📅 2023-12-28 — Session: Developed Python Algorithms for Legal Text Extraction
🕒 05:30–06:35
🏷️ Labels: Python, Text Processing, Legal Articles, Algorithm Development
📂 Project: Dev
⭐ Priority: MEDIUM
Session Goal
The session aimed to develop and refine Python algorithms for extracting and processing legal articles from text documents.
Key Activities
- Algorithm Development: Created and enhanced Python algorithms to parse and extract legal articles, focusing on handling context variations and numerical sequencing using regular expressions.
- Word Count Implementation: Developed a function to count words in legal articles, ensuring the text is fully accessible.
- Article Grouping: Implemented an algorithm to group articles into sections of up to 2500 words, modifying extraction and word count functions accordingly.

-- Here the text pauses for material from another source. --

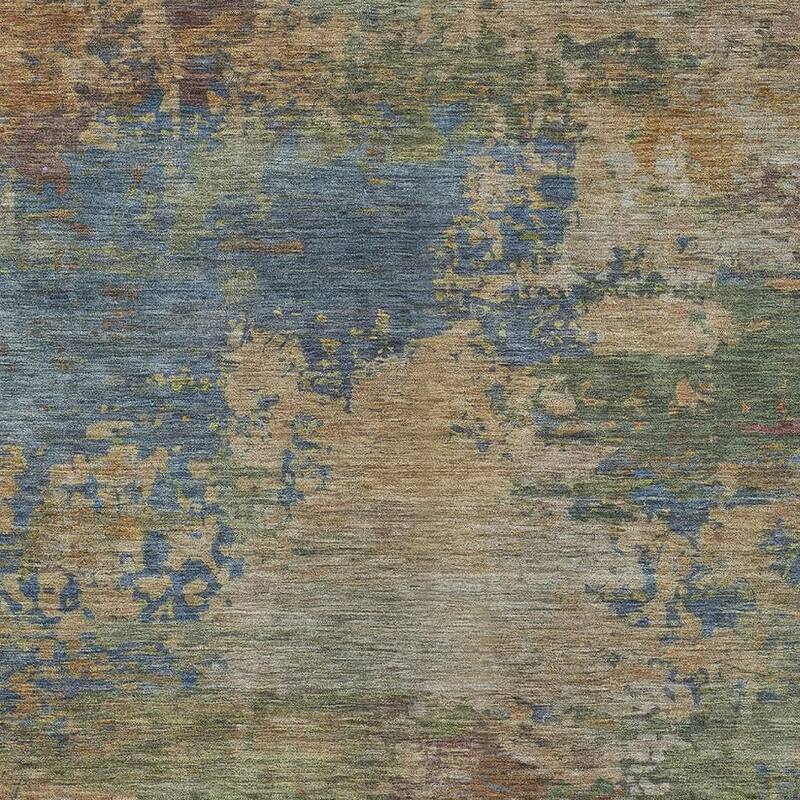 HomeRoots Abstract Transitional Rectangle Outdoor Rug - 3' x 5'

- Distinguishing Articles from Citations: Developed strategies to differentiate between articles and citations in legal documents using sequence analysis and context evaluation.
- Troubleshooting: Addressed text truncation issues and network connection errors, providing insights and solutions for
NewConnectionError
andMaxRetryError
. - Code Updates: Made several updates to handle article numbering and missing articles, ensuring continuous extraction beyond article 177.
Achievements
- Successfully developed robust algorithms for extracting, grouping, and analyzing legal articles in Python.
- Enhanced error handling and troubleshooting for network and extraction issues.
Pending Tasks
- Further optimize algorithms for edge cases in article extraction and grouping.
- Implement automated testing for the developed functions to ensure reliability.